**SOURCE DATA**:
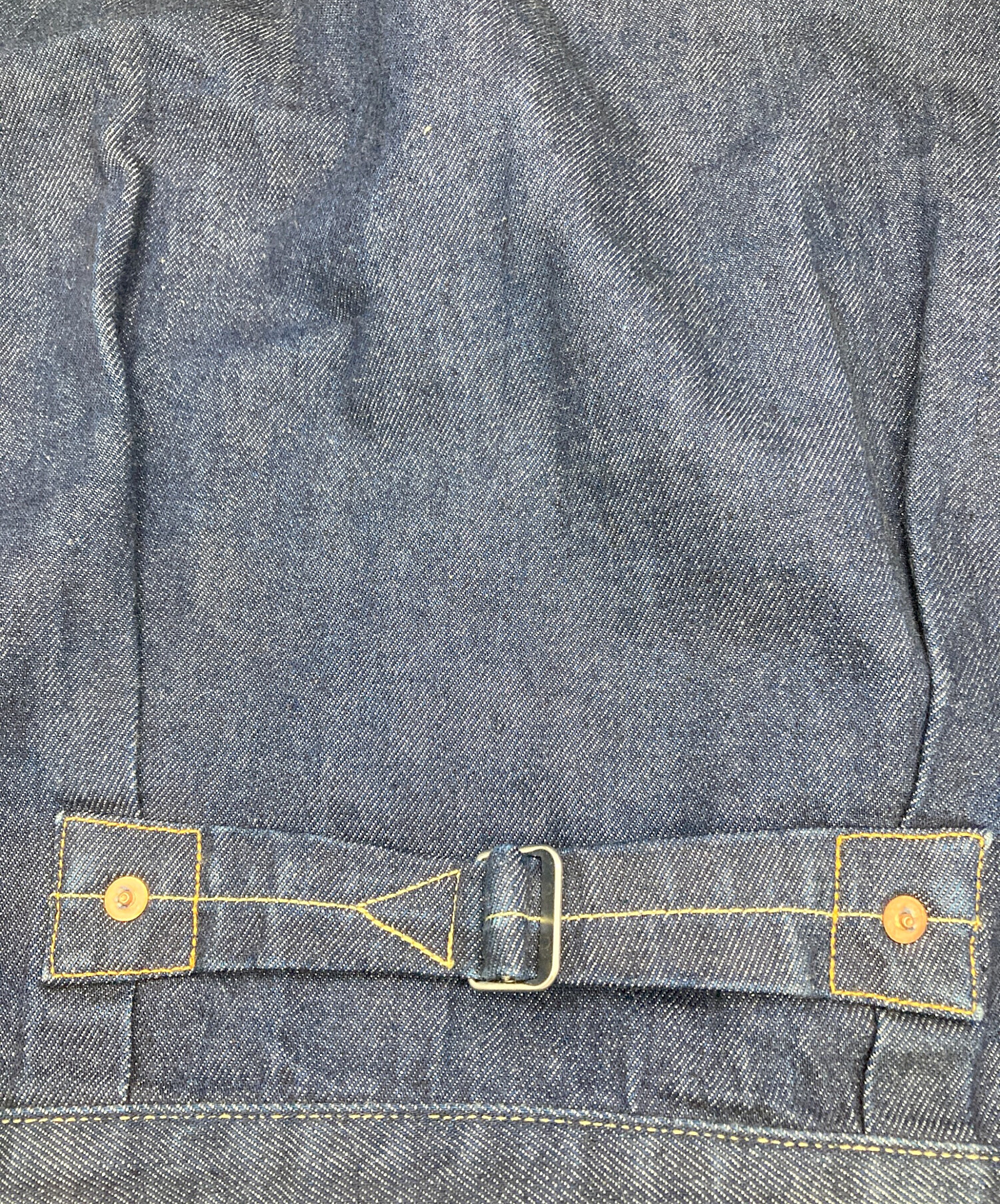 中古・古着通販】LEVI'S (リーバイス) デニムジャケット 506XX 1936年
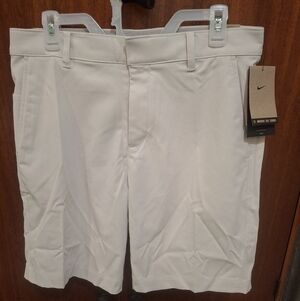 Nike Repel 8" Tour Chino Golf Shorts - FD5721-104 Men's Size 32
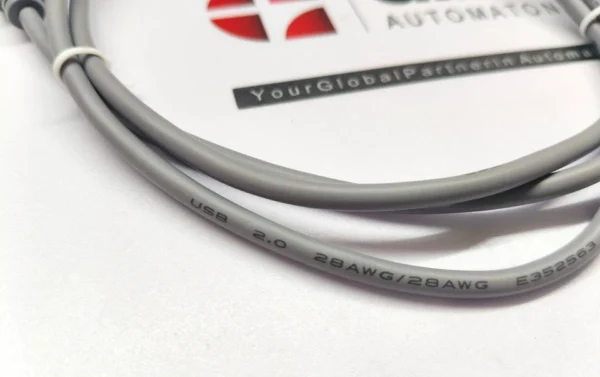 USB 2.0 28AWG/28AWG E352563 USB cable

**TASK PROMPT**: No pictures, please. Output the listing above exactly as it stands.

**COMPLETED TASK**:
 中古・古着通販】LEVI'S (リーバイス) デニムジャケット 506XX 1936年
 Nike Repel 8" Tour Chino Golf Shorts - FD5721-104 Men's Size 32
 USB 2.0 28AWG/28AWG E352563 USB cable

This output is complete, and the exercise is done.